The undersigned Subscriber understands the speculative nature and risks of investments associated with the Company, and confirms that the stock would be suitable and consistent with his or her investment program; that his or her financial position enables him or her to bear the risks of this investment; and, that there is no public market for the stock subscribed for herein;
d.  
The stock subscribed for herein may not be transferred, encumbered, sold, hypothecated, or otherwise disposed of, if such disposition will violate any federal and/or state securities acts. Disposition shall include, but is not limited to acts of selling, assigning, transferring, pledging, encumbering, hypothecating, giving, and any form of conveying whether voluntary or not;
e.  
To the extent that any federal, and/or state securities laws shall require, the Subscriber hereby agrees that any stock acquired pursuant to this Agreement shall be without preference as to assets;
f.  
The Company is under no obligation to register or seek an exemption under any federal securities act, state securities act, or any foreign securities act for any stock of the Company or to cause or permit such stock to be transferred in the absence of any such registration or exemption;
g.  
The Subscriber has received a copy of the prospectus, as filed and made effective by the State of Nevada Securities Division, registering the securities for sale.
h.  
The Subscriber has satisfied the suitability standards imposed by his or her applicable state laws and has a pre-existing personal and/or business relationship with the Company;
i.  
The Subscriber has adequate means of providing for his current needs and personal contingencies and has no need to sell the shares in the foreseeable future (that is at the time of the investment, Subscriber can afford to hold the investment for an indefinite period of time);
j.  
The Subscriber has sufficient knowledge and experience in financial matters to evaluate the merits and risks of this investment and further, the Subscriber is capable of reading and interpreting the financial statements and other information regarding the Company contained in the prospectus provided to Subscriber prior to purchase.

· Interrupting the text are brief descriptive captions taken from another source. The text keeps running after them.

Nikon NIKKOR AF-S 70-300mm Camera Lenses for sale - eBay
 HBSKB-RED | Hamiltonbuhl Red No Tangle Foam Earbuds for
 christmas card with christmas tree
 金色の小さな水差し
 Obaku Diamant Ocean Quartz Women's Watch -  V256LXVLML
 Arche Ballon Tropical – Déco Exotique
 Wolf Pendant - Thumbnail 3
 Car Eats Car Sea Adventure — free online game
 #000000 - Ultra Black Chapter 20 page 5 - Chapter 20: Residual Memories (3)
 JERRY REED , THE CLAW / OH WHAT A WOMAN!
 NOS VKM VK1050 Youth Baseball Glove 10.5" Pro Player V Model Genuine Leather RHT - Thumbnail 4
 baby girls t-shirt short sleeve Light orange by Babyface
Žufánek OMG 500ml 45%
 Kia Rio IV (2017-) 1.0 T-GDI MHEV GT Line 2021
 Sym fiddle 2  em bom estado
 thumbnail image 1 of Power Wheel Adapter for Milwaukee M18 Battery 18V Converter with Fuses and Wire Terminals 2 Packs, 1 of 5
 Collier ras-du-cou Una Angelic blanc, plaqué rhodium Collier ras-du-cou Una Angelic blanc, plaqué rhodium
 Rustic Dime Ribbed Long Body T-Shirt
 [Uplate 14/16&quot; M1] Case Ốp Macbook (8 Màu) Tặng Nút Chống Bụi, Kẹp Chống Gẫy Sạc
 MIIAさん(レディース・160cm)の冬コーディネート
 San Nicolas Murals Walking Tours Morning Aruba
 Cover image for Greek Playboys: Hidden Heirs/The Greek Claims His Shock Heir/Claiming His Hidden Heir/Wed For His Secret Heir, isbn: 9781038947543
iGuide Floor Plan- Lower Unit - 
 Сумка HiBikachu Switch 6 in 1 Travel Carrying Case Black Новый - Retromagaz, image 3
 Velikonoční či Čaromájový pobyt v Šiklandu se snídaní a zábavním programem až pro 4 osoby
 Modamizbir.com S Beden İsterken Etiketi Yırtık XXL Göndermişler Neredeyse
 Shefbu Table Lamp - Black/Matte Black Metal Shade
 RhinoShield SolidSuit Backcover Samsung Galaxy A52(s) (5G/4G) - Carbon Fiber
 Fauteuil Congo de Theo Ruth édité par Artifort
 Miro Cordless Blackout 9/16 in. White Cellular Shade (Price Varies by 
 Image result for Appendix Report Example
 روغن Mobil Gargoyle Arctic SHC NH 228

3. LIMITED POWER OF ATTORNEY: The undersigned Subscriber hereby constitutes and appoints and grants to a Director of the Issuer, a limited power of attorney for the limited purpose of causing proper reporting and disclosure in connection with this subscription, and in that connection, to sign for him and act in his name, place and stead, in any and all capacities to execute any and all documents to be filed with the US Securities and Exchange Commission and any governmental agency, federal, state or otherwise in connection with any securities filings, including, but not limited to: amendments, exhibits, agreements, concerning shareholders granting said limited attorney-in-fact and agent, full power and authority to do and perform each and every act and thing requisite and necessary to be done in and about the premises, as fully and to all intents and purposes as he might or could do in person, hereby ratifying and confirming all that each said limited attorney-in-fact and agent of his substitutes, may lawfully do or cause to be done by virtue thereof.

4. STATUS OF PURCHASER:

[ ] I am not a member of, or an associate or affiliate of a member of the National Association of Securities Dealers.

[ ] I am a member of, or an associate or affiliate of a member of the National Association of Securities Dealers. Attached is a copy of an agreement signed by the principal of the firm with which I am affiliated agreeing to my participation in this investment.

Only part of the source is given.